In his new full-length, The Definition, Jon Bellion’s lyrics illustrate biting candor, defiant proclamations and intimate autobiographical detail. Durable rhythm tracks align to irresistible hooks and airy, high-gloss productions with Bellion’s tenor voice and honeyed, multi-tracked harmonies soaring high above.
The disparate musical points of reference––some of whom Bellion name checks in songs––include Lupe Fiasco, Death Cab for Cutie, Wu-Tang Clan and Band of Horses. “I wanted this album to sound like J. Dilla,” he says. “But like J. Dilla made a Pixar movie.” The sound of The Definition that he characterizes as “super bright, super attractive and super colorful” has a visual frame of reference. “I was watching Pixar movies before going into the studio,” he says. “They are so futuristic, so digestible and so full of color.”
As a songwriter of pop hits like Jason Derulo’s “Trumpets” and Eminem and Rihanna’s “Monster,” Bellion might seem like the latest in a string of collaborative pop wunderkinds. With the release of The Definition, it is essential to Bellion that listeners understand that this is not the case. “Every song on The Definition is better then ‘Monster,’ that goes without saying,” he confirms.
In his song “Munny Right,” he sings “Fast forward now I’m 22/Half a million after taxes just to make a couple songs.” The economics of a hit song that grant him artistic autonomy do not go unappreciated. “The fact I wrote a hit is phenomenal,” he confirms. “It’s not that I’m ungrateful. I just want to make sure people listen to what I take pride in. The publishing thing is amazing, but the artistry is really my baby and what I think is going change the culture and push it forward.”
Growing up in a suburban Long Island, N.Y. community, Bellion began dabbling with a keyboard his older brother brought home that enabled him to create beats. “It was just a long process of making whole songs,” he remembers of his childhood explorations. “And I slowly got better at the craft of making full records by myself.”
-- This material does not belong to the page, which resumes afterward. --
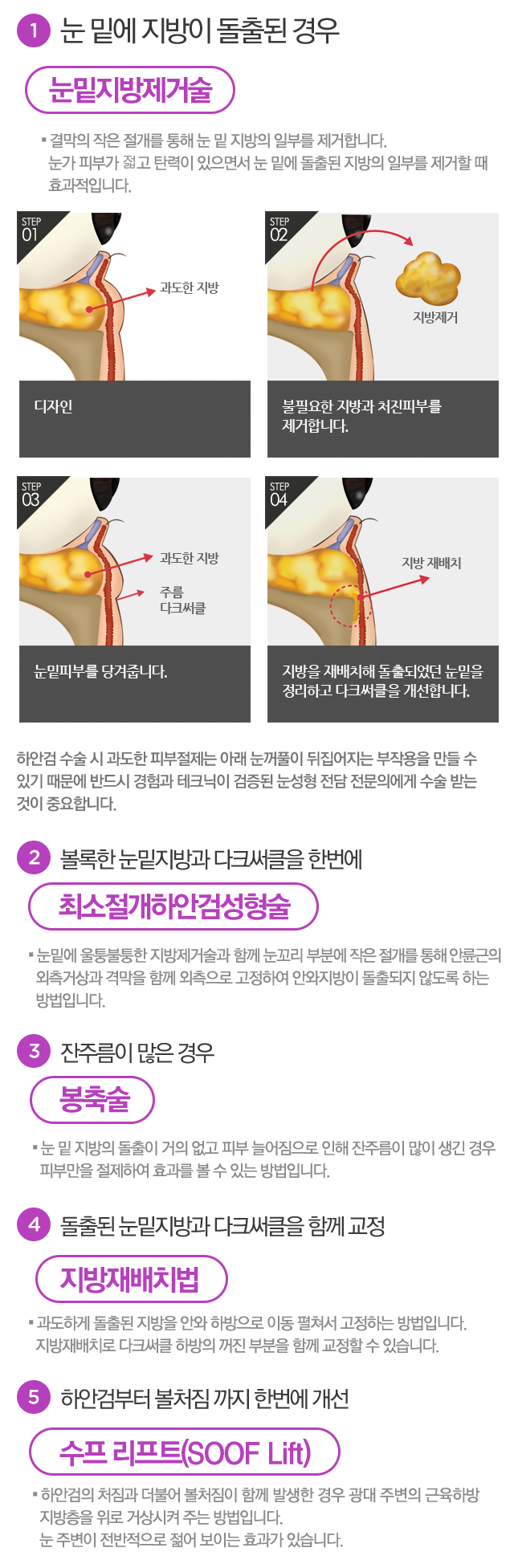 하안검수술회복기간 일주일이면 끝 4월31일성형외과 관련 이미지 3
Dropping out of college, Bellion made a mixtape that found its way up from the underground. “I had just been fired from my job. Two days later I get a call from this kid named Matt who was an intern at Warner Bros. I had no idea who he was. He had gotten my number from my college or something. He said, ‘Kara DioGuardi wants to talk to you.’”
Bellion had no idea who DioGuardi was either. Googling her, he discovered that the former American Idol judge was a hit songwriter and influential music executive. “I took the meeting and saw there could be a publishing deal. I knew that her company, Arthouse, could really take care of that aspect of my career; getting in with successful producers and writers who I could learn from and apply to my own artistry. They are great publishers who set me up to succeed.”
Although the studio is his home, Bellion relishes live performances. His current tour includes large clubs and listening rooms and will conclude at the Highline Ballroom in New York City. “I think a lot of people expect on this tour for it to be a ‘sit down piano’ type of feel,” he qualifies. “It’s super live. It can’t be the same record with stems that a DJ is spinning, playing through the house speakers with me singing. We really do a ‘Rage Against the Machine’ transcription of all my songs.”
Bellion, who is an avowed Christian, believes that there is much more to life than perceived levels of success. “The money, who you are, all of these things come and they go. We live in a world that’s going to disappear and we are going to leave one day. If my career fell apart tomorrow, if I had zero in my bank account, that does not affect the way I feel about myself or the way God made me, because none of that defines who I am. My identity is not in my music. I am a child of God before anything else.”